Urteil gegen schlagenden Göttinger Hochschullehrer teilweise aufgehoben

Der Bundesgerichtshof hat das auf eine elfmonatige Bewährungsstrafe lautende Urteil des Landgerichts Göttingen gegen einen Göttinger Hochschullehrer teilweise aufgehoben, der eine Doktorandin mehrfach als "Bestrafung" geschlagen und für den Fall, dass sie die Schläge nicht dulden würde, Konsequenzen angedroht hatte. Das LG habe in zwei Fällen eine Strafbarkeit auch wegen Nötigung rechtsfehlerhaft verneint.

Hochschullehrer schlug Doktorandin als "Bestrafung"

Nach den vom LG getroffenen Feststellungen bestellte der Angeklagte, ein Hochschullehrer, die Nebenklägerin H. in zehn Fällen zu Besprechungsterminen außerhalb der Dienstzeiten in sein Büro, schloss dieses jeweils ab und eröffnete ihr, dass er sie wegen angeblicher Verfehlungen durch Schläge mit einem "Bambusstock" auf das bekleidete Gesäß und auf ihre Waden sowie – bei späteren Taten – mit der flachen Hand auf ihr entblößtes Gesäß "bestrafen" wolle.

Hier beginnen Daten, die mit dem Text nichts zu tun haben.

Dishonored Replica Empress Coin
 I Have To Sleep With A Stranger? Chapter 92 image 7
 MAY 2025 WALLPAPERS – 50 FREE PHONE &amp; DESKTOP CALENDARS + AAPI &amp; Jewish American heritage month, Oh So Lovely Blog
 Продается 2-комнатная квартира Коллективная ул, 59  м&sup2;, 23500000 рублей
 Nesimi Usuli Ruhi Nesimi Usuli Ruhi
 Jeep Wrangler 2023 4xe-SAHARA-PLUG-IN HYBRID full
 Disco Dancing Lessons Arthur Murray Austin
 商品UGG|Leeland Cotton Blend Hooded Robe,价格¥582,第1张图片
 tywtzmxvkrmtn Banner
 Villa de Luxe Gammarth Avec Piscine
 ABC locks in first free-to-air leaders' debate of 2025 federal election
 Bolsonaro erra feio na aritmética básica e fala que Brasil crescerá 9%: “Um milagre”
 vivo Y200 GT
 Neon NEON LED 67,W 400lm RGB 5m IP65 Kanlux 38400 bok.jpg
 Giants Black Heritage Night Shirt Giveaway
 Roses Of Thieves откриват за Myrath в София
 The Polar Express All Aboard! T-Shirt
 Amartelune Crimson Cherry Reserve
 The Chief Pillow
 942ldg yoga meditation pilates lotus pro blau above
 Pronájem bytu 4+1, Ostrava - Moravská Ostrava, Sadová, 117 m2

Als die Nebenklägerin dies ablehnte, kündigte der Angeklagte jeweils an, die Zusammenarbeit mit ihr zu beenden und ihr Promotionsvorhaben nicht weiter zu betreuen. Aus Angst vor den ihr in Aussicht gestellten beruflichen wie – mit Blick auf ein Stipendium – finanziellen Folgen, "willigte" die Nebenklägerin in die Schläge in acht Fällen ein. In zwei weiteren Fällen kündigte der Angeklagte diese Folgen für den Fall ihrer Weigerung nicht ausdrücklich an. Die Nebenklägerin "willigte" gleichwohl ein, weil ihr die vom Angeklagten zuvor benannten Konsequenzen "noch präsent" waren. Das LG verurteilte den Mann unter anderem wegen mehrfacher gefährlicher Körperverletzung im Amt und Nötigung zu einer Gesamtfreiheitsstrafe von elf Monaten auf Bewährung. Gegen das Urteil legten die Staatsanwaltschaft und die Nebenklägerin H. Revision ein. Die Staatsanwaltschaft beschränkte ihr Rechtsmittel auf zwei Taten zum Nachteil der H.

BGH: Konkludente Drohung nicht geprüft

Der 6. Strafsenat des BGH hat das Urteil auf die Revisionen in den beiden letztgenannten Fällen wegen einer rechtsfehlerhaften Ablehnung der Strafbarkeit des Angeklagten auch wegen Nötigung aufgehoben. Insoweit hätte das LG die Tathandlungen auch unter dem Gesichtspunkt einer konkludenten Drohung würdigen müssen. In diesem Umfang hat der Senat die Sache zu neuer Verhandlung und Entscheidung an eine andere Strafkammer des LG Göttingen zurückverwiesen, die auch eine neue Gesamtstrafe verhängen wird. Die weitergehende Revision der Nebenklägerin H. hat der Senat verworfen. 

BGH, Urteil vom 08.03.2023 - 6 StR 378/22

Redaktion beck-aktuell, 8. März 2023.